Com o renascimento do cavalo – desde sempre o símbolo de marca da editora –, e numa primeira fase da segunda vida, a estratégia de lenta reactivação passou pela recuperação de nomes essenciais do seu catálogo. A colectânea In Order To Dance serviu precisamente como marco balizador, apresentando nomes fluentes do seu passado remisturado por nomes influentes do presente. Lentamente a R&S recuperou o velho espírito, estando neste preciso momento a explorar uma renovada determinação, atraindo para a sua casa o melhor que por aí se revela. Entre novos e velhos, as apostas foram passando, por exemplo, por Radio Slave – de Matt Edwards – que editou em 2008 o EP Eyes Wide Open/ Incógnito –, tendo se seguido The Chain, Psycatron e os Shlomi Aber.

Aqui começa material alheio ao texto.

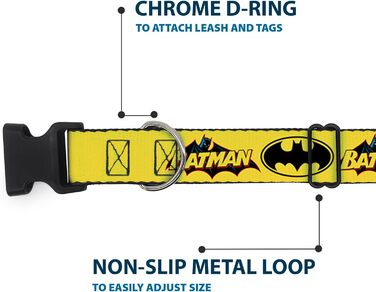 Пластиковий нашийник Buckle Down з вінтажним логотипом Batman і сигналом кажана, жовтий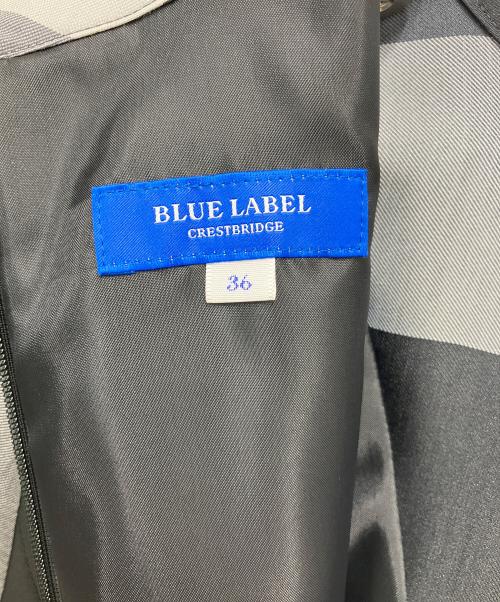 BLUE LABEL CRESTBRIDGE（ブルーレーベルクレストブリッジ）BLUE LABEL CRESTBRIDGE (ブルーレーベルクレストブリッジ) ドッキングジャンパースカートドレス ブラック×グレー サイズ:Sの古着・服飾アイテム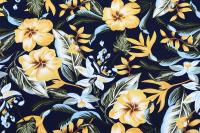 Ткань плательно-блузочная штапель, Maks Style, вискоза 100%, темно-синий цветочный принт, арт. MS-1226 D-26 С-2
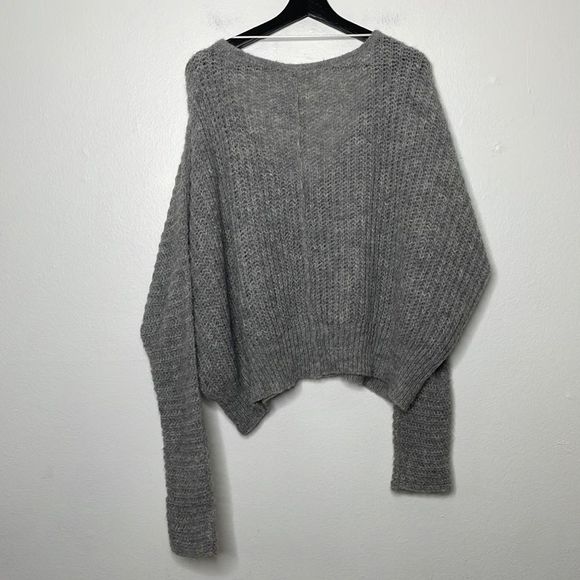 Free People Moonbeam Slouchy Ribbed Knit Long Sleeve V-Neck Pullover Sweater - Picture 6 of 10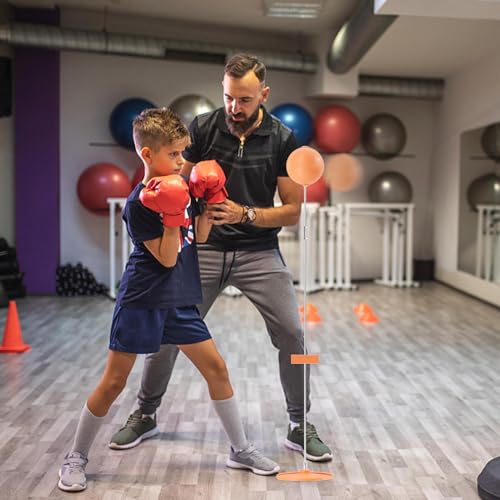 Boxing Reflex Ball Punching Bag Stand Reflex Trainer Hand-Eye Coordination | Standalone for Kids Adults Teens Home Gym Boxing Training Speed Cardio Fitness Workout Dexterity Exercise Equipment - size: 110cm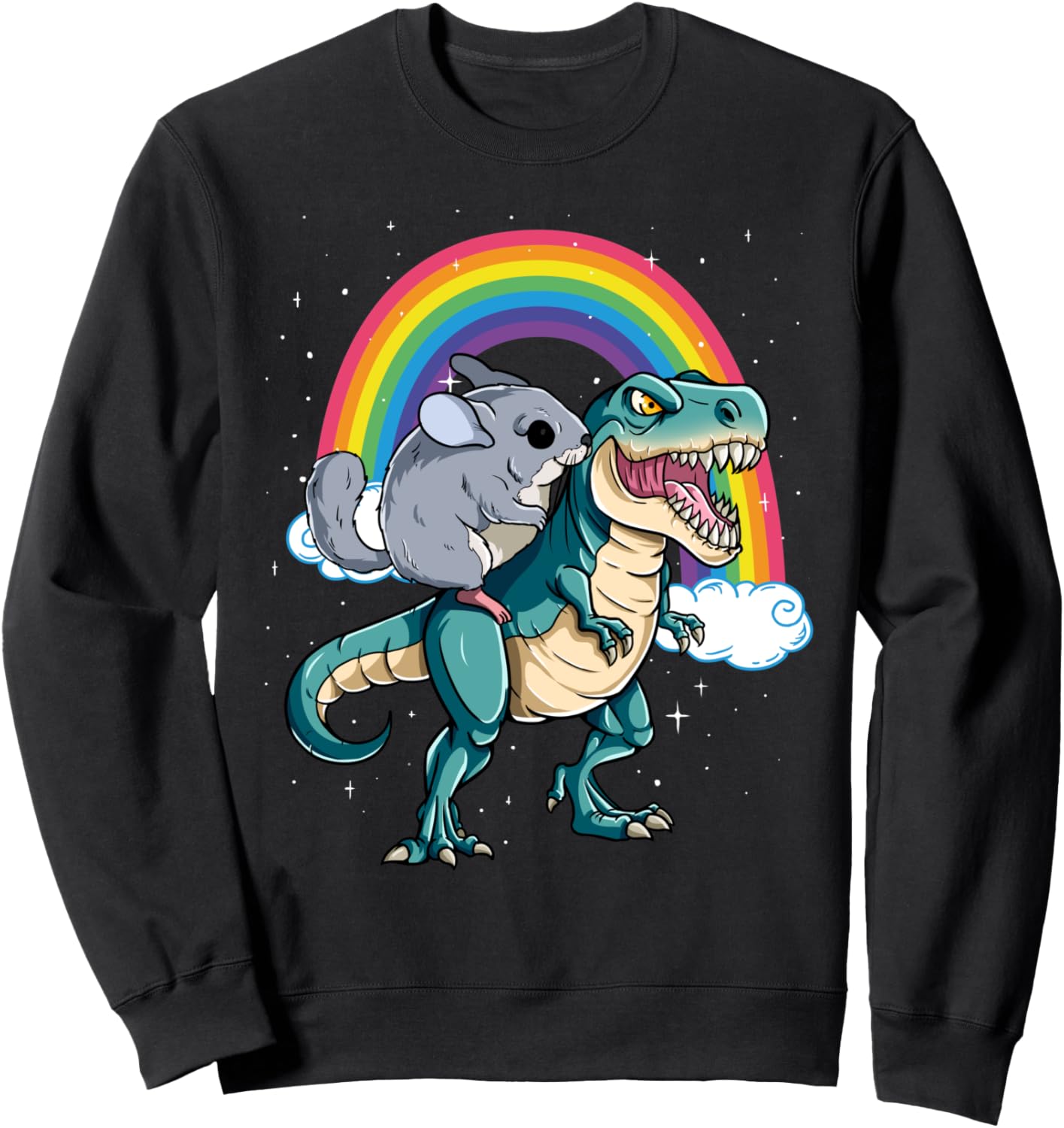 

Толстовка с изображением динозавра Тираннозавра Рекса и радужных облаков, блестящих на ощупь Check Out My Chinchilla Shirts, черный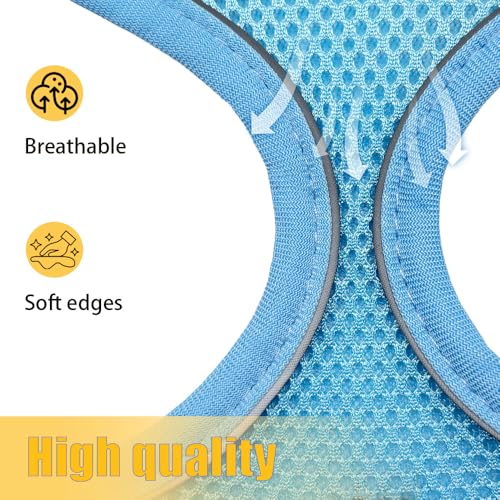 No Pull Dog Harness with Leash Set - Adjustable Reflective Step-in Puppy Vest for Small Medium Dogs & Cats, Blue M - Escap...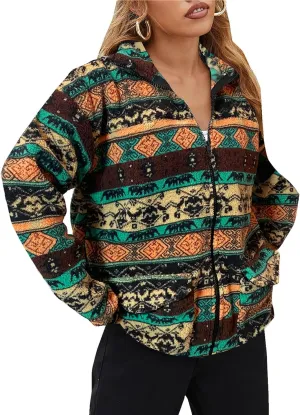 EARKOHA Womens 2024 Winter Coat Cow Print Fashion Zip Up Faux Fur Sherpa Jacket Warm Fleece Oversized Outwear with Pockets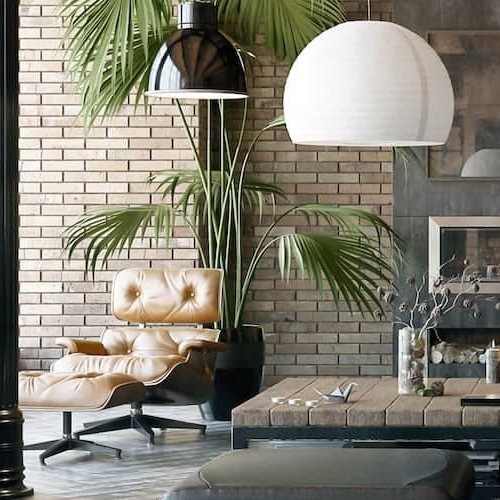 A well furnished living room with a big window.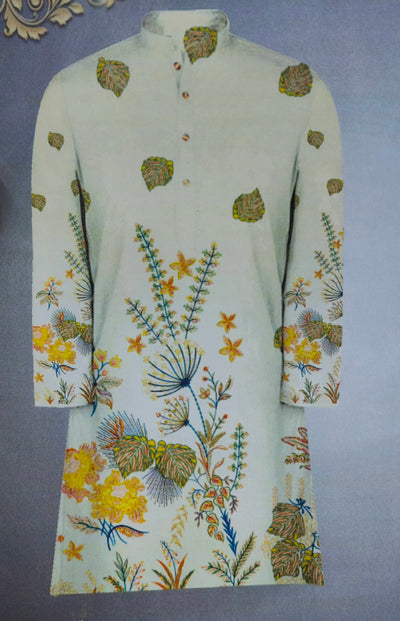 Kurta Fabric ManTire Designer PV Printed Colour Gin Green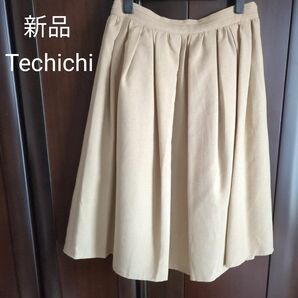 新品 Techichi テチチ 麻調タックフレアスカート ベージュ Mサイズ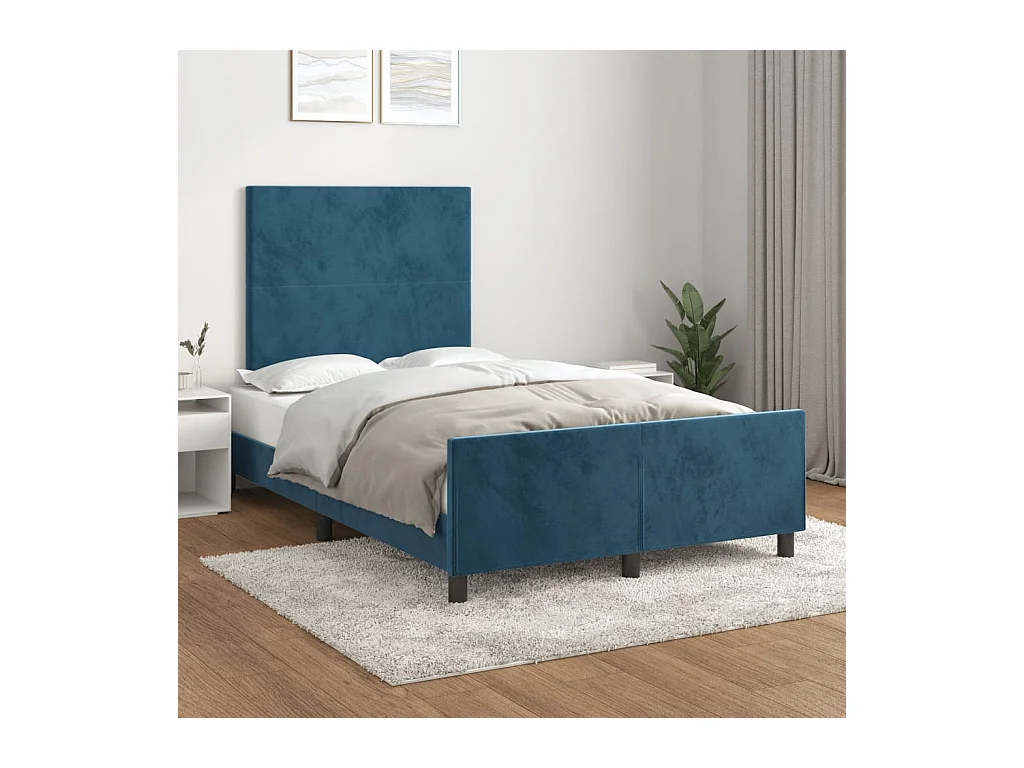 Lit-120x200 cm avec tête de lit Bleu foncé Velours EGGB94794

A aposta em novos nomes tem manifestado bem sensata e inteligente. Apesar da R&S ainda não ter editado qualquer disco – nesta sua segunda vida – num formato longo que confirme em definitivo a nova estratégia, os EP’s de jovens talentos têm se destacado o suficiente, não parando de surgir com saudável regularidade. Na linha da frente estão dois jovens talentos ligados ao dubstep/ UK garage: James Blake e Pariah. Os recentes EPs, editados nestes últimos meses, não passaram despercebidos. Tanto CMKY e Klavierwerke (de Blake) e Safehouse (de Pariah) estão entre os mais estimulantes discos deste ano, apesar do pequeno formato. Mas as novidades não se resumem a estes dois. Até os veteranos Model 500 editaram recentemente um novo trabalho intitulado OFI/ Huesca, provando que existe, ainda hoje, um genuíno reconhecimento das virtudes da editora. Mas ainda este ano estão agendadas outras edições como de Space Dimension Controller e de Untold. Tudo junto poderá não parecer muito, mas provas evidentes que num pequeno escritório em Ghent existem indícios suficientes de vida para nos deixar curiosos para o futuro, disso parece não haver muitas dúvidas. Que o novo ciclo se perpetue.